The whip, pictured above, is an eight-foot Indiana Jones-style leather whip. I’m told it was about $80. It came from its eBay seller with a page of care instructions and a small jar of Pecard’s leather dressing. The whip came with a large black cracker, seen in the pictures above – it’s a the tassel at the end that’s responsible for the loud noise when the whip is cracked.
As a started practicing, I noticed that the cracker had a tendency to slide off the end after a while. No matter how many different knots I tried, I couldn’t get it to stay on, and eventually I lost it in the grass. After a little online researched, I figured out how to make my own crackers. I picked up a $2 spool of nylon upholstery thread from Walmart – white, to make them easier to see if they happen to slide off again. These homemade crackers actually sound better and crack easier than the one that came with the whip! I have my suspicions that it was designed more for display than actual use.
My whip is what’s referred to as an “Indy on a budget” whip. Despite the $80 price tag, it’s bargain priced compared to a $800 David Morgan. However, as YouTube whip guru Adam proves, the “Indy on a budget” whip is actually a quite versatile companion:
I haven’t quite reached that level of skill yet, but I’m working on it. I’ve mastered the cattleman’s crack, the most basic crack, and I’ve pulled off an overhead crack a couple of times. I’ve even tried hitting a couple targets with mixed success.

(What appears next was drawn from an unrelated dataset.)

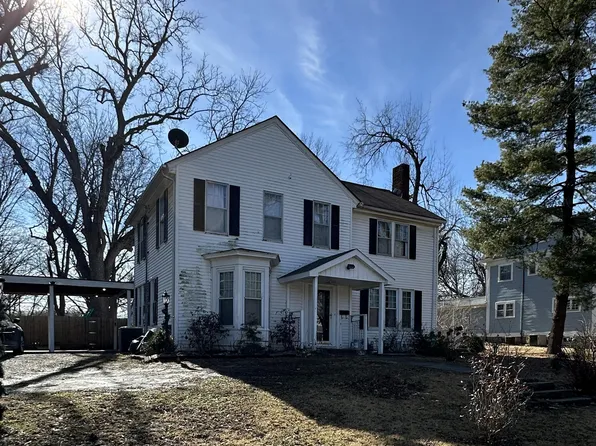 610 E Arrow St, Marshall, MO 65340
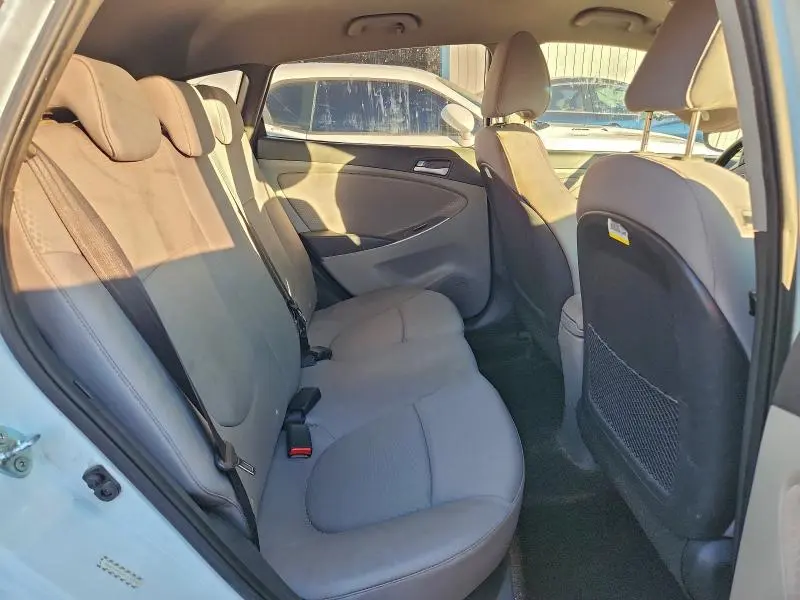 2015 HYUNDAI ACCENT GLS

The most interesting thing for me – besides peoples’ reactions when I tell them about my new hobby – is how much fun it actually is. Even though I know I’ll probably walk away with a few welts, I look forward to going out and practicing. I certainly don’t plan on running of an joining the circus, but I think I might dress up as Indy for Halloween!
I figure now my whip needs a name. Any suggestions?